Entretanto, através da Unitel, Isabel dos Santos vai negando as evidências. Num recente comunicado sobre o texto publicado no Maka Angola, a empresa toma as dores da sua sócia mais influente e “refuta todas as alegações feitas com referência à Unitel e a Isabel dos Santos, as quais são completamente falsas”. E adianta também que Isabel dos Santos não teve oportunidade de se defender e que não é parte no processo; que se trata de uma providência cautelar, por isso não decide sobre a matéria de fundo; e que as contas da Unitel estão devidamente auditadas.

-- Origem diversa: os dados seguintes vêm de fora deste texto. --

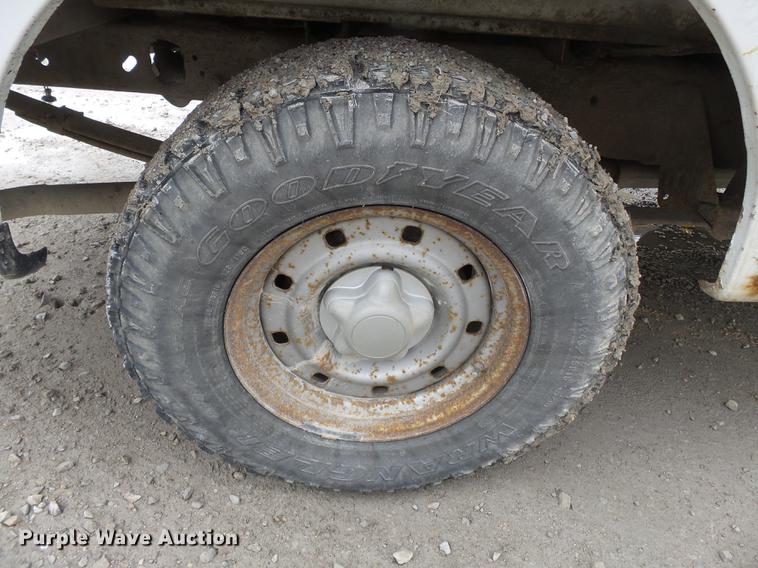 image for item DB7194 1999 Ford F150 pickup truck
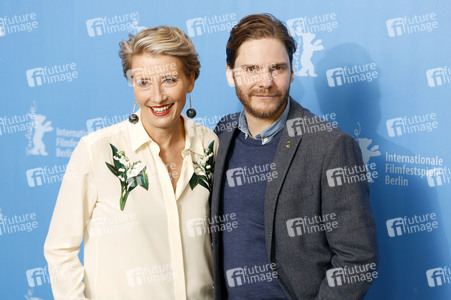 'Alone In Berlin / Jeder stirbt für sich allein' Photocall, Berlinale 2016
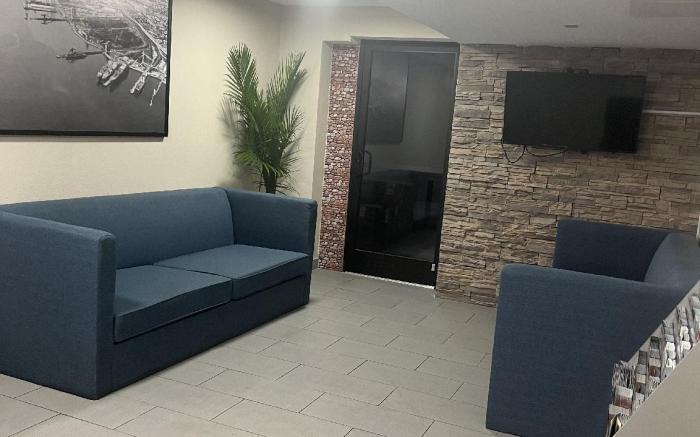 Super 8 by Wyndham Newport News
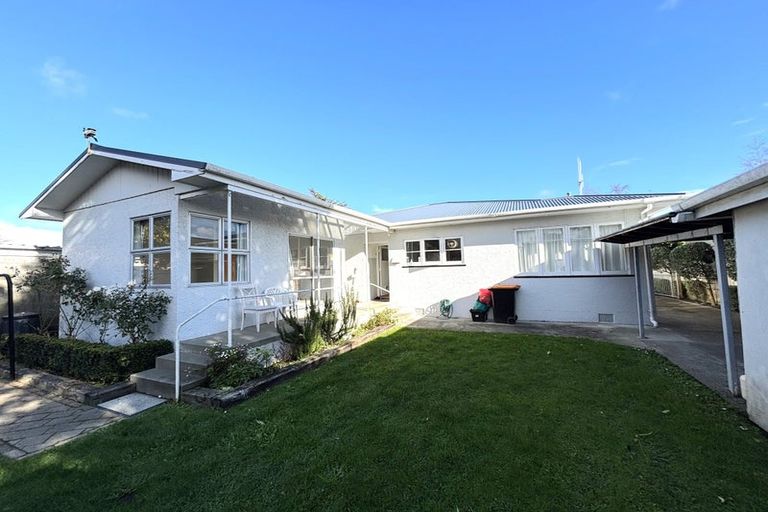Photo of property in 49 Sheffield Street, Awapuni, Palmerston North, 4412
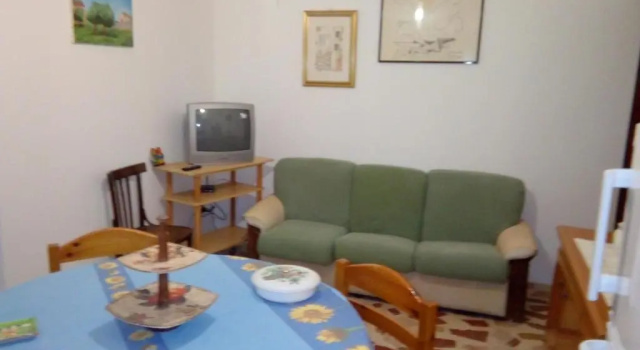 La piazza piccola alle spalle Del castello, Prenota Hotel Joppolo Giancaxio Sicilia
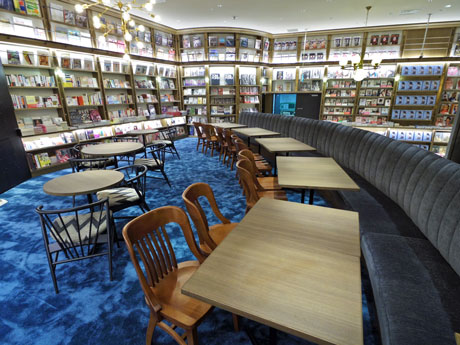 「にぎやかな書斎」をコンセプトに仕上げた店内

É preciso descaramento. A peça é clara em dizer que o processo é contra a Vidatel. Contudo, a Vidatel é a empresa através da qual Isabel dos Santos participa na Unitel. Não sendo contra ela pessoalmente, é contra ela enquanto empresária, afectando no mínimo a sua reputação empresarial.

Ademais, Isabel dos Santos confessou em tribunal o destino que deu aos 250 milhões de dólares, como acima explicámos.

Quanto ao facto de se estar perante uma providência cautelar, os juristas que aconselham Isabel dos Santos sabem que, para uma providência ser decretada, geralmente é necessário aquilo que nos sistemas legais de origem romano-germânica se sumaria assim: probabilidade séria da existência do direito invocado; fundado receio de que outrem, antes de a acção ser proposta ou na pendência dela, cause lesão grave e dificilmente reparável a tal direito (periculum in mora); adequação da providência à situação de lesão iminente.

No caso do sistema de common law (lei comum), como é o britânico, uma ordem de congelamento tem de obedecer aos seguintes requisitos:
– O autor do processo deve ter um direito que permita uma acção judicial;
– O autor deve ter um caso bom;
– Existência de activos na jurisidição;
– Risco real de que os bens possam ser dissipados.

Ora, no mínimo, o tribunal verificou que a autora PT Ventures SGPS tinha um caso sólido e que os bens corriam o risco de ser dissipados.

Isto é muito diferente do que diz o comunicado enganador da Unitel. Quanto a auditorias, o tribunal é claro em dizer que, na altura em que decidiu, estas não existiam.